Thursday, June 20, 2013

Best Covers of 2013 So Far

June is the time of year when music bloggers take stock of what has been happening into the year so far.  Best albums and best songs lists flood the internet giving us a good chance to catch up on what we may have missed, or to focus back in on music we especially liked but have maybe forgotten about.  This year there seems to be a larger-than-normal influx of great covers - everything from Paul Simon to Bruce Springsteen has been covered, with artists truly showing another side of each song.  Here are some of the best covers of 2013 so far.

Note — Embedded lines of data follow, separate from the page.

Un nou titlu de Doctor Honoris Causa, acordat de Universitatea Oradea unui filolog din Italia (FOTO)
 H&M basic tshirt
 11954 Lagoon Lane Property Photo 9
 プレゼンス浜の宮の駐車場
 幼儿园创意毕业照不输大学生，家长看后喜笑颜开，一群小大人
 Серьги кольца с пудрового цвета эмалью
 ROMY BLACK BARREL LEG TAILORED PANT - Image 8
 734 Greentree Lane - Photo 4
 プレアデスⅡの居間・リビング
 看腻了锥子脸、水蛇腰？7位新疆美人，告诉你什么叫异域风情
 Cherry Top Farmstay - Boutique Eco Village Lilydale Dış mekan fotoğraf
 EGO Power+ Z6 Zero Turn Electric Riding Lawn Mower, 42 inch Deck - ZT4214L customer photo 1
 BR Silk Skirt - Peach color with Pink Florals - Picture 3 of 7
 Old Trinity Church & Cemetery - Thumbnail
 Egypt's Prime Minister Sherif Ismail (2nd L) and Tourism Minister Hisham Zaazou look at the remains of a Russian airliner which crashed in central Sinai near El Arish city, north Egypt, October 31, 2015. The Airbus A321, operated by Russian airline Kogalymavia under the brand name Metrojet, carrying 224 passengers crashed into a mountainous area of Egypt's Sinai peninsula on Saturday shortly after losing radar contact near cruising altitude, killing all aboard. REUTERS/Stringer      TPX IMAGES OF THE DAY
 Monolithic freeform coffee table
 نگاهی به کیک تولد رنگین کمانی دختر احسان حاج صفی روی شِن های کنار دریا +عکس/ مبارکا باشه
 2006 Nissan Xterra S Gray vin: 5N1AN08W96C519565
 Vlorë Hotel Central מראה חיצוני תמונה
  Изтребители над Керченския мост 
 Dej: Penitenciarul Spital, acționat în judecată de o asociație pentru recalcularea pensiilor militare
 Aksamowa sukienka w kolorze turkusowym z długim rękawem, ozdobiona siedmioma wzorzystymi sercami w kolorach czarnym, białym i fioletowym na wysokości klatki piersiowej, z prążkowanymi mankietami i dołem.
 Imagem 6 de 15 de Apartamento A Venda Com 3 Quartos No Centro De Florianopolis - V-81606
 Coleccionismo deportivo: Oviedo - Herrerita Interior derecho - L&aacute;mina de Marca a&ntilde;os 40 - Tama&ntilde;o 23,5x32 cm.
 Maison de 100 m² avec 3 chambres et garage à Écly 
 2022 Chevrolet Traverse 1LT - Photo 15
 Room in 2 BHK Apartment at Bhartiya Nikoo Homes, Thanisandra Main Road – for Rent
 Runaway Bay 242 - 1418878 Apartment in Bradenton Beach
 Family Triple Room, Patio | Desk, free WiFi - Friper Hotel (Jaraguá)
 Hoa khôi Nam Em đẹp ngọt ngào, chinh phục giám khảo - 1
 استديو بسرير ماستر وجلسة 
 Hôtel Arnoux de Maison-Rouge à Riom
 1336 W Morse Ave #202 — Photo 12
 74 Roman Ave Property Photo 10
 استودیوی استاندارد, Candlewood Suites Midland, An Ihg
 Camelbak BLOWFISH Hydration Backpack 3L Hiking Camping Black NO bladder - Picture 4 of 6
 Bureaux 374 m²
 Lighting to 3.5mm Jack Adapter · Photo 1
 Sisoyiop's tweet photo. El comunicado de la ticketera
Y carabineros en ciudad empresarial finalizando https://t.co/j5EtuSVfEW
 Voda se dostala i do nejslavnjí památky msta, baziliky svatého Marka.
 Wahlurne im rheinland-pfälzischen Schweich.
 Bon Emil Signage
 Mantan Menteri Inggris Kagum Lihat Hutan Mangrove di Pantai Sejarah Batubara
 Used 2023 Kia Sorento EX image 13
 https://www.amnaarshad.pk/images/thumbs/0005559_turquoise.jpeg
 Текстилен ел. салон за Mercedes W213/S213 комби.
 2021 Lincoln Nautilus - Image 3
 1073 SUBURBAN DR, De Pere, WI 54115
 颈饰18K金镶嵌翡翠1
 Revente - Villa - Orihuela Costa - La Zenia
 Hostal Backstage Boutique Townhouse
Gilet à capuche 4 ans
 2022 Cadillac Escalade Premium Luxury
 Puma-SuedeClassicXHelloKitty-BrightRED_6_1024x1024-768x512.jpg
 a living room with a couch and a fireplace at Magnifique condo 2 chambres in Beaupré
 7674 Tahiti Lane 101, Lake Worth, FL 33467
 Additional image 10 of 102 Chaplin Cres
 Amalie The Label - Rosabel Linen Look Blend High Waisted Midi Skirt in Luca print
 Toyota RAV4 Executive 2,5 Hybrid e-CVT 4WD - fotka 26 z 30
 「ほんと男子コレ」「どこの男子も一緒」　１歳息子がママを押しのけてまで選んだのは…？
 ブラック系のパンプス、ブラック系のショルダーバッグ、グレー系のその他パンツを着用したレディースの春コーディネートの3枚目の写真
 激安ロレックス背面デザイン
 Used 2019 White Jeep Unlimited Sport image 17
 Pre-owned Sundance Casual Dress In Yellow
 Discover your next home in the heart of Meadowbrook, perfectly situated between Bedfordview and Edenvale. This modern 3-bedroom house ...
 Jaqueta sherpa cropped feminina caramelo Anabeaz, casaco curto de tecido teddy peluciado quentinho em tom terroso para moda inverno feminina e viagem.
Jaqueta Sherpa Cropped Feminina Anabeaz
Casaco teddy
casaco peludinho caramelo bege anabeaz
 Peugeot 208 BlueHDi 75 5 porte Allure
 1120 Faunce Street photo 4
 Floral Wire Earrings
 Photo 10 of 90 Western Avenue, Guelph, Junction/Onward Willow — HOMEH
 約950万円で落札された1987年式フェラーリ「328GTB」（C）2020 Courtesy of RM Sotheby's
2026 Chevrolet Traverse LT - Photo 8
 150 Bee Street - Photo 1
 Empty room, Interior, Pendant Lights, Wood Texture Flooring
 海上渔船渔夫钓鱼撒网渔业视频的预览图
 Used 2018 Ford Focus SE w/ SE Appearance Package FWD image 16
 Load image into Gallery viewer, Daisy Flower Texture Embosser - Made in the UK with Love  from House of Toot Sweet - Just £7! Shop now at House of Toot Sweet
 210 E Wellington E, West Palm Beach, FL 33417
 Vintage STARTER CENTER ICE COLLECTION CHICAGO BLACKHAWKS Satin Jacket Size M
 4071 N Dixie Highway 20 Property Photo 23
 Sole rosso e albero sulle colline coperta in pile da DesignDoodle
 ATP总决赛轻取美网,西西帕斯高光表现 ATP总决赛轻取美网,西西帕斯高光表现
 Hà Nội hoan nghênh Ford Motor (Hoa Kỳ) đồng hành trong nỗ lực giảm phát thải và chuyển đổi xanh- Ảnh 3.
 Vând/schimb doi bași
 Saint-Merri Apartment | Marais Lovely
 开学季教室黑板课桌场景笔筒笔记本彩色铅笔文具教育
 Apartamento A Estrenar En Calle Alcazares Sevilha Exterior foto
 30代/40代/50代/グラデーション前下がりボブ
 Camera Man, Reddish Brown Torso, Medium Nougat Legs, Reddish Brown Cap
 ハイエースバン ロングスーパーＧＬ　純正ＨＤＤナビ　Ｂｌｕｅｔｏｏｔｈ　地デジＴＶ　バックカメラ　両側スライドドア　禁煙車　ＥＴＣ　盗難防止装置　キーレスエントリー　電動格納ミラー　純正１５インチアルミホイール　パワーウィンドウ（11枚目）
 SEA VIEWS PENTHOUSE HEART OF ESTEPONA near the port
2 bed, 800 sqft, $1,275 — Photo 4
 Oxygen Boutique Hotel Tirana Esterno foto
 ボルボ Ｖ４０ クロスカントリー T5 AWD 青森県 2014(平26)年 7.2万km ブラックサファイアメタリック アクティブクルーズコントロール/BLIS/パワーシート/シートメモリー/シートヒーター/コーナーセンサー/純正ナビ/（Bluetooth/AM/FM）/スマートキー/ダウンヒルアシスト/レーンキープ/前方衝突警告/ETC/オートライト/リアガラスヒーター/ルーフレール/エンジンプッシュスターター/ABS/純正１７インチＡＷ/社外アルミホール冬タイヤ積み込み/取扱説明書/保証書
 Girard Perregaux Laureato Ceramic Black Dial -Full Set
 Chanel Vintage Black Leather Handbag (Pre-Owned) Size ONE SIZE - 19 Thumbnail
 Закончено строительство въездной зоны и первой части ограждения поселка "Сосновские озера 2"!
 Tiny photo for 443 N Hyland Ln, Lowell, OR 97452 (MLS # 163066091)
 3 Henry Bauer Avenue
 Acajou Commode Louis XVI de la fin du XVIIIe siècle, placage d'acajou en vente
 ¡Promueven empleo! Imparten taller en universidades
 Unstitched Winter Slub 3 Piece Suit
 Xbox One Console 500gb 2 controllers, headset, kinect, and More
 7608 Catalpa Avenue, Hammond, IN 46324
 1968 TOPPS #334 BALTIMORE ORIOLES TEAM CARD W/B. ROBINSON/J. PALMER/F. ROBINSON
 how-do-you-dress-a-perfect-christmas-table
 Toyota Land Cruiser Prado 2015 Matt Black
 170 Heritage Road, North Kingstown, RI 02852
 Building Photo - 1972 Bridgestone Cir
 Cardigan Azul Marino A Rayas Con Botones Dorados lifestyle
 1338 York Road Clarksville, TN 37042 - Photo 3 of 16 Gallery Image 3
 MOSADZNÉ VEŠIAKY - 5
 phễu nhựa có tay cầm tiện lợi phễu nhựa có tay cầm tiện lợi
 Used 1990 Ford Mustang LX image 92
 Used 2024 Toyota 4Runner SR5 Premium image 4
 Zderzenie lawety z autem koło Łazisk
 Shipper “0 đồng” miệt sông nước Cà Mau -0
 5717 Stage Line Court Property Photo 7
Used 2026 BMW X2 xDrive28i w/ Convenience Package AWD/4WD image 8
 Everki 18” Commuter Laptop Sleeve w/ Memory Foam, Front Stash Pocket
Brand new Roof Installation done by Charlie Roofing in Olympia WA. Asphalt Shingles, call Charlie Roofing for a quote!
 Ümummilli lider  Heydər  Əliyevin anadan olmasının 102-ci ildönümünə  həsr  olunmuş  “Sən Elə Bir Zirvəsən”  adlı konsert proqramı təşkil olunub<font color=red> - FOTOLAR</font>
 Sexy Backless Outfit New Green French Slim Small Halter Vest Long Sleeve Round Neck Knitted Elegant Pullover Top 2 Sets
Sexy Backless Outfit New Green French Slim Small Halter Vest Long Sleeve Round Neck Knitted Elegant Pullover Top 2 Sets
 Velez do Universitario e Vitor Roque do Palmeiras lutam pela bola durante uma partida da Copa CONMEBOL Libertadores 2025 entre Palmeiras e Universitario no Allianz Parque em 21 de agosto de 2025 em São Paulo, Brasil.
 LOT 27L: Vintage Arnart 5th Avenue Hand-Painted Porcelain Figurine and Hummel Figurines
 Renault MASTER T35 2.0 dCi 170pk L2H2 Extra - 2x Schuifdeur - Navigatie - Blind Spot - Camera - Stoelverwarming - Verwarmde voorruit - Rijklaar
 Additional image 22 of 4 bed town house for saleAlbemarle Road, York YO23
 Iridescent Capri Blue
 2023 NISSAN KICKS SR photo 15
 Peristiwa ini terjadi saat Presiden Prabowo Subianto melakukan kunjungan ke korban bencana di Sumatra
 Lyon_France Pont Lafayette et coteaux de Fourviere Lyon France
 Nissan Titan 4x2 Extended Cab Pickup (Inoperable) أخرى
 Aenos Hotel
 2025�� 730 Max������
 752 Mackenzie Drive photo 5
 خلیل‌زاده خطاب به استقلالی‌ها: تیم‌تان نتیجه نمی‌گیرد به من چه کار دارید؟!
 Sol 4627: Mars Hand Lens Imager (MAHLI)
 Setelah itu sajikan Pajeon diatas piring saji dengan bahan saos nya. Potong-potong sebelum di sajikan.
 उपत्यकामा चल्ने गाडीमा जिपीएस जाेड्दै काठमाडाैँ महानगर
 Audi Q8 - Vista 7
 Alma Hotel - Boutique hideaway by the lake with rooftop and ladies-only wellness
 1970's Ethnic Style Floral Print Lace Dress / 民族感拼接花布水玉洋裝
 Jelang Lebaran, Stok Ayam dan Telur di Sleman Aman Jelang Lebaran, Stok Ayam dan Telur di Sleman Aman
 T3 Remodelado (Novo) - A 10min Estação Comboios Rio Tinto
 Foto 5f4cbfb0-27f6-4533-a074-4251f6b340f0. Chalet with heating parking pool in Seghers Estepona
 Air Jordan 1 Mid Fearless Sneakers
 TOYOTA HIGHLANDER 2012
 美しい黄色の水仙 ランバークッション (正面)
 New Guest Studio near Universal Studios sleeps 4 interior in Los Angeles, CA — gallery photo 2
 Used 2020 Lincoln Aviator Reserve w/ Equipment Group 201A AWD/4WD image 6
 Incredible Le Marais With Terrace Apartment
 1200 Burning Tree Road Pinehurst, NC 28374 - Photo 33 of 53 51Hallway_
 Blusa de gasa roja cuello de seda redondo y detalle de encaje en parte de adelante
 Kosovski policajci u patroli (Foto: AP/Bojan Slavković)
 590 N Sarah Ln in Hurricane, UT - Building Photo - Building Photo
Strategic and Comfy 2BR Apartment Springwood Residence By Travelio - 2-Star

The Last Bison Covers M83's "Midnight City"
The Last Bison is a folk-driven family band out of Virginia fronted by the impassioned Ben Hardesty, whose vocals and playing are normally so fervent it sounds as though he might snap a string at any moment.  Their take on M83's "Midnight City" draws the band inward a bit, by showcasing a more restrained style of playing.  It's this restraint that gives it anticipation- they are able to hold themselves back in a way that builds and builds until the right moment, complete with fiddles and banjos and a whole host of other instruments not present on the original, leaving you feeling a bit exhausted after watching. In other words...holy smokes.

The original:

First Aid Kit Covers Paul Simon's "Kathy's Song"
Swedish act First Aid Kit's sophomore album from last year ("The Lion's Roar") is full of strong harmonies and folky guitar, a premise that is translated perfectly on a not-oft heard but beautiful song by Paul Simon. Like the female harmonic counterpart to Simon & Garfunkel's timeless harmonies, First Aid Kit gives us the feminine perspective and plays a simple and effortless, yet powerful rendition of "Kathy's Song."

The original:

Pickwick Covers Richard Swift's "Lady Luck"
Pickwick w/ Sharon Van Etten released their cover of Richard Swift's groovy and soulful "Lady Luck" back in January, a cover that takes the original's lo-fi riff and gives it a bit more oomph while staying fairly faithful to the original.

The original:

Daughter Covers Bon Iver's "Perth" and Hot Chip's "Ready For The Floor"
Daughter has an ethereal, otherwordly vibe with echoed guitars and bittersweet vocals that create a unique sound, which they applied to an equally as echoed and otherwordly artist in covering Bon Iver.  What is unique about this cover is that it also includes Hot Chip's "Ready for the Floor" which is very different from the softness of both Bon Iver and the vocals of Daughter's Elena Tonra, and it is this soft approach that brings them both together as if it were meant to be.

Bon Iver:

Hot Chip:

Night Beds and Carousel Cover Robyn's "Dancin' On My Own"
Night Beds' Winston Yellen has vocals and songs full of quiet yearning and longings, so strangely it makes perfect sense for him to cover this pop driven tune by Robyn.  The original tune itself, despite its heavy dance beats and upbeat vibe, has an incredibly longing underbelly, captured perfectly with Winston's vocals on this cover.

Night Beds cover Robyn

There seems to be an epidemic of people dancing by themselves in the covers world right now, and Carousel recently got in on the Robyn action by also covering "Dancing on My Own," offering up a more synth-happy version.

The Original:

Laura Marling and Eddie Berman Cover Bruce Springsteen's "Dancing in the Dark"
In one of the most unexpected and quietly poignant covers of the year, Laura Marling teamed up with LA based newcomer Eddie Berman to recreate the Bruce Springsteen classic, only they do so by  giving it a slower, calmer vibe.  The gentle sway in their version permeates into Eddie and Laura's motion during the video, giving a bit more bittersweetness and an almost lullaby quality to the song.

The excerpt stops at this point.